Last night's bolder showing with the pressure off aside, captain Daniel Vettori has bemoaned the injuries affecting selections. While that is fair enough, it is nothing new for the Black Caps. The selectors also chose to make three bold moves during the series against the world's best team - playing block-and-bash opener Peter Ingram, turning James Franklin into a No5 batsman and playing Gareth Hopkins at wicketkeeper while Brendon McCullum rested his back.
Of those selection gambits, only Hopkins could be said to have succeeded, although perhaps a qualified success. It now transpires the move was probably made with an eye to McCullum giving up the gloves in the near future and playing as a specialist batsman only.
Franklin hasn't repaid yet the faith shown in him as a middle-order bat rather than a bowler who can bat a bit. He went down the order from five to eight over the series and wasn't used with the ball in the fourth match until the 24th over of 34. On that evidence, his future in the team appears limited, averaging 18.70 with the bat and 38.79 with the ball in 75 one-dayers, despite superb form at domestic level.
Ingram, in spite of everything being written here, could well be named in the test team today as the selectors continue their efforts to ensure he has enough game time to assess him properly. They may well give him time at No 3 in tests, a position which remains their biggest conundrum.

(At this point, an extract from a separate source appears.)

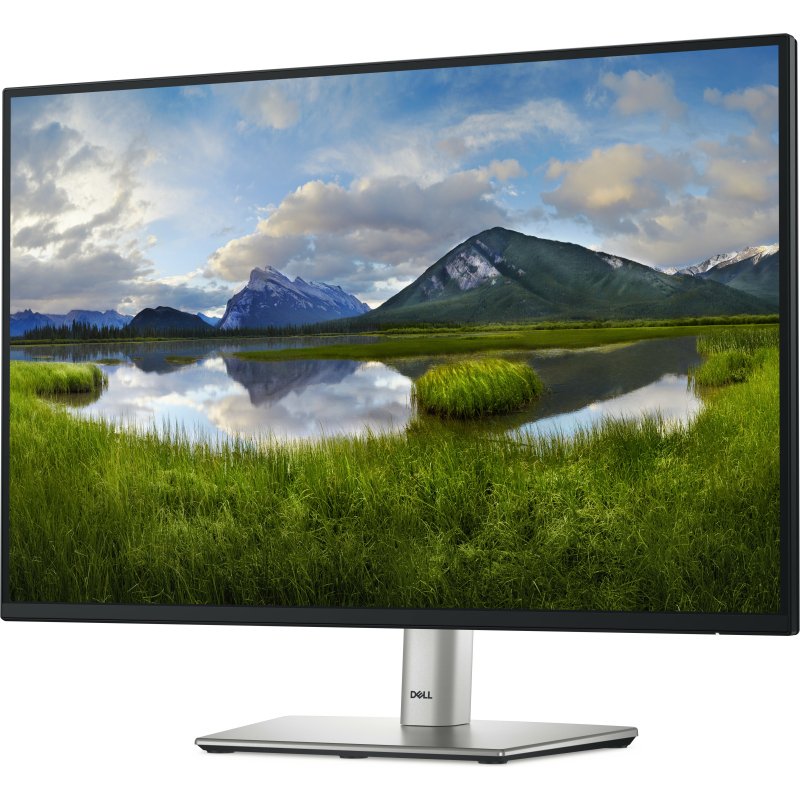 DELL Pro Plus P2425 écran plat de PC 61,1 cm (24.1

Ingram's lack of footwork has been exposed by the extra Australian pace and guile. For many, BJ Watling is a better bet, even though the selectors obviously see him more of a test bat than a one-day player. He certainly needs more investigation, given his stellar form for Northern Districts in one-dayers, averaging 54 for the summer.

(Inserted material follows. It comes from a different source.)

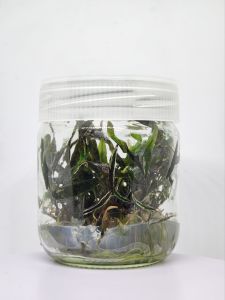 Cryptocoryne nurii IN VITRO JAR (KAVANOZ)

Hopkins rose to the challenge after strong Twenty20 displays and in the one-dayers. He is capable of working the ball around the ground and batting inventively. But while it was difficult to come in at 152 for 5 in the 30th over on Thursday at Eden Park, his comparative struggle to reach the boundary may count against him long-term. He could be a stop-gap measure in the middle order as young all-rounder Kane Williamson matures.
Williamson, with off-spinners to add to his batting prowess, adds more to the balance of the side. However, McCullum has said he will relinquish the gloves at some point (although he is expected to keep in the tests against Australia).
That strengthens Hopkins' case, but he is 33 already and it is a moot point whether McCullum's expected move will weaken the batting order. It is dead handy in depth terms to have a wicketkeeper who is also a crack batsman, like Australia's Adam Gilchrist and Brad Haddin.
Hopkins aside, there were some peculiar choices made and, admittedly with the advantage of hindsight, Watling could have been selected instead of Ingram and Styris instead of Franklin. How Styris didn't play the entire summer in the shorter form, given his domestic touch, remains hotly debated. Once he made the side, due to captain Daniel Vettori's bung neck, he proved a match-winning finisher at seven, yet had crept up the order to five by the latter one-dayers.
Conversely Neil Broom, who has also excelled domestically, will have to sort his act out quickly.
His average of 17.52 at a strike rate of 70 could be excused initially because of the daunting prospect of coming in as a finisher, but to have compiled just one 50 in 22 innings demands the microscope.
After his heroics in the winning eliminator over in the second Twenty20 win, Tim Southee had been trucked to all parts, averaging 110 with an economy rate of 6.66 runs per over before he performed strongly again last night. He's undoubtedly the future of the New Zealand pace attack but has often been burnt after coming into international cricket as a 19-year-old two years ago.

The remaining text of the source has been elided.